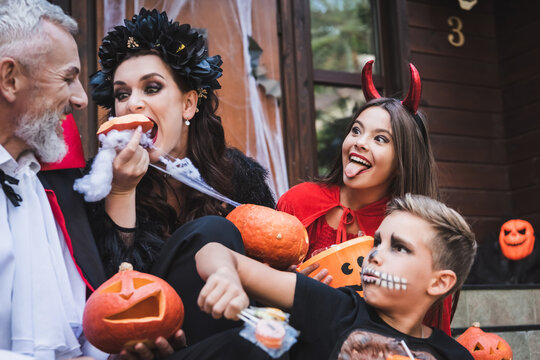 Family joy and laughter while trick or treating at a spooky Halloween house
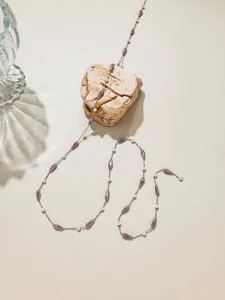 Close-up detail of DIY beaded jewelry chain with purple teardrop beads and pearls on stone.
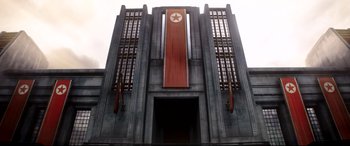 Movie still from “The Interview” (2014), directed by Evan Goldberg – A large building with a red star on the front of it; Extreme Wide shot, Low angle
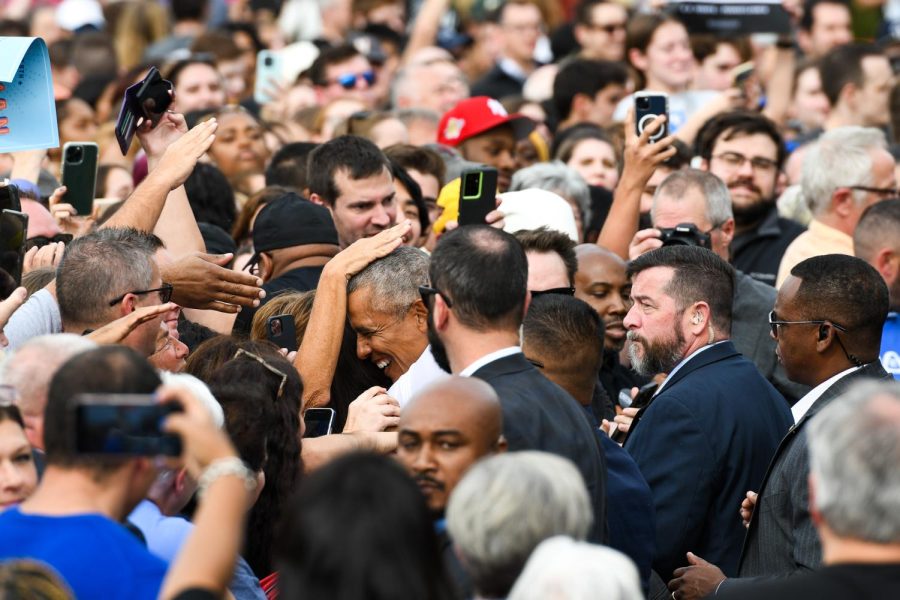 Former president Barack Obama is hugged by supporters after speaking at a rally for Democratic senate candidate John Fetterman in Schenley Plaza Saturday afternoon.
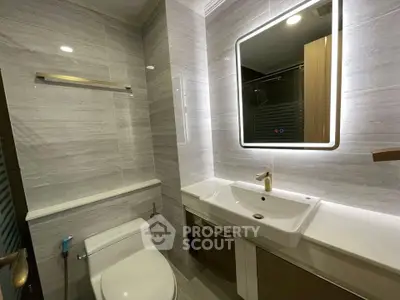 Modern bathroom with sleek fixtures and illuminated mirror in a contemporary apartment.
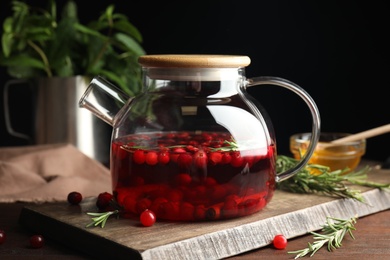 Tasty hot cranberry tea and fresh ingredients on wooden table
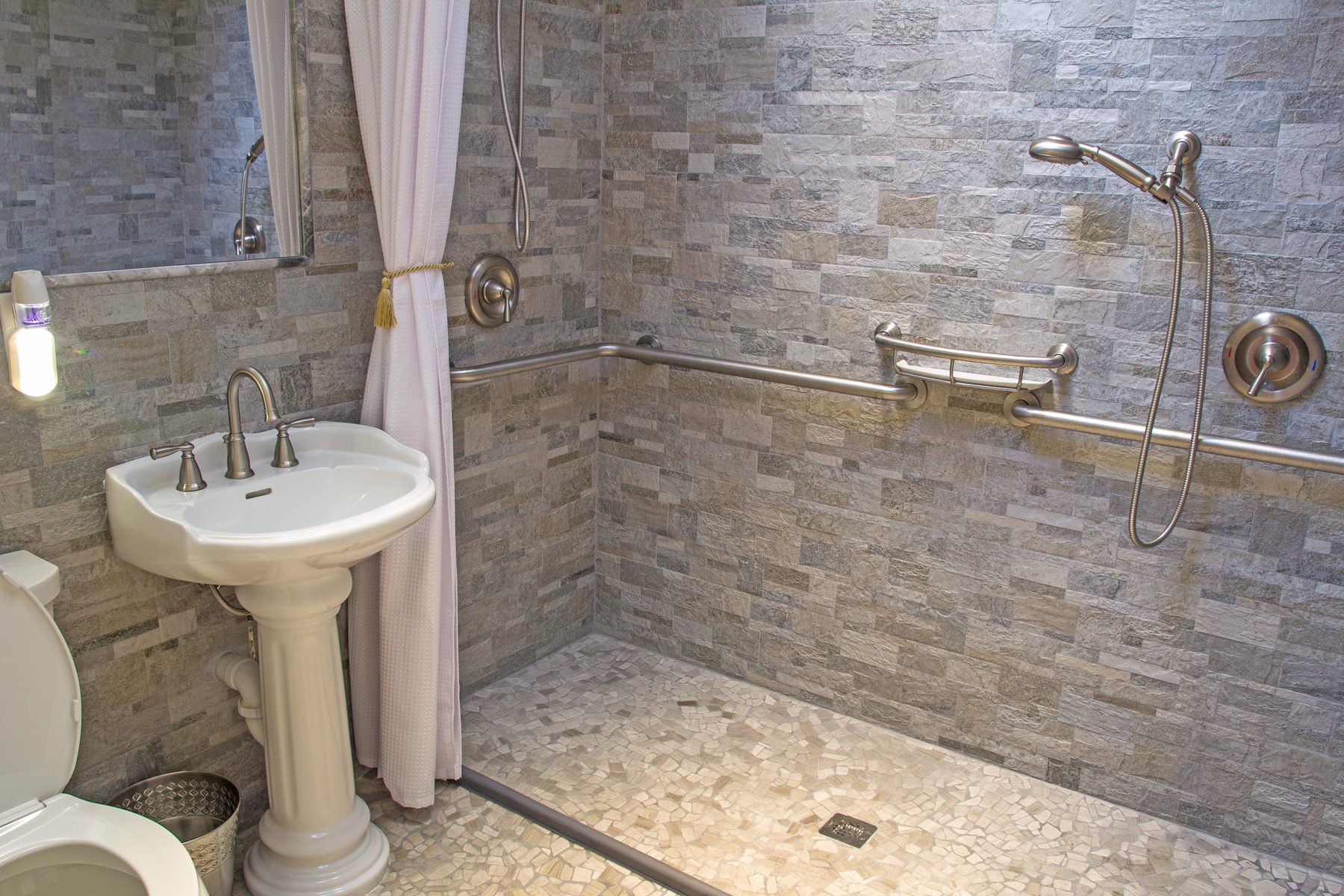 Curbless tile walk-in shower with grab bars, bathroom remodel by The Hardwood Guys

● ● ● ● ●

[PROBLEM DETAILS]:
Restate the records above verbatim. Pictures stay out.

[RESPONSE BELOW]:
 Family joy and laughter while trick or treating at a spooky Halloween house
 Close-up detail of DIY beaded jewelry chain with purple teardrop beads and pearls on stone.
 Movie still from “The Interview” (2014), directed by Evan Goldberg – A large building with a red star on the front of it; Extreme Wide shot, Low angle
 Former president Barack Obama is hugged by supporters after speaking at a rally for Democratic senate candidate John Fetterman in Schenley Plaza Saturday afternoon.
 Modern bathroom with sleek fixtures and illuminated mirror in a contemporary apartment.
 Tasty hot cranberry tea and fresh ingredients on wooden table
 Curbless tile walk-in shower with grab bars, bathroom remodel by The Hardwood Guys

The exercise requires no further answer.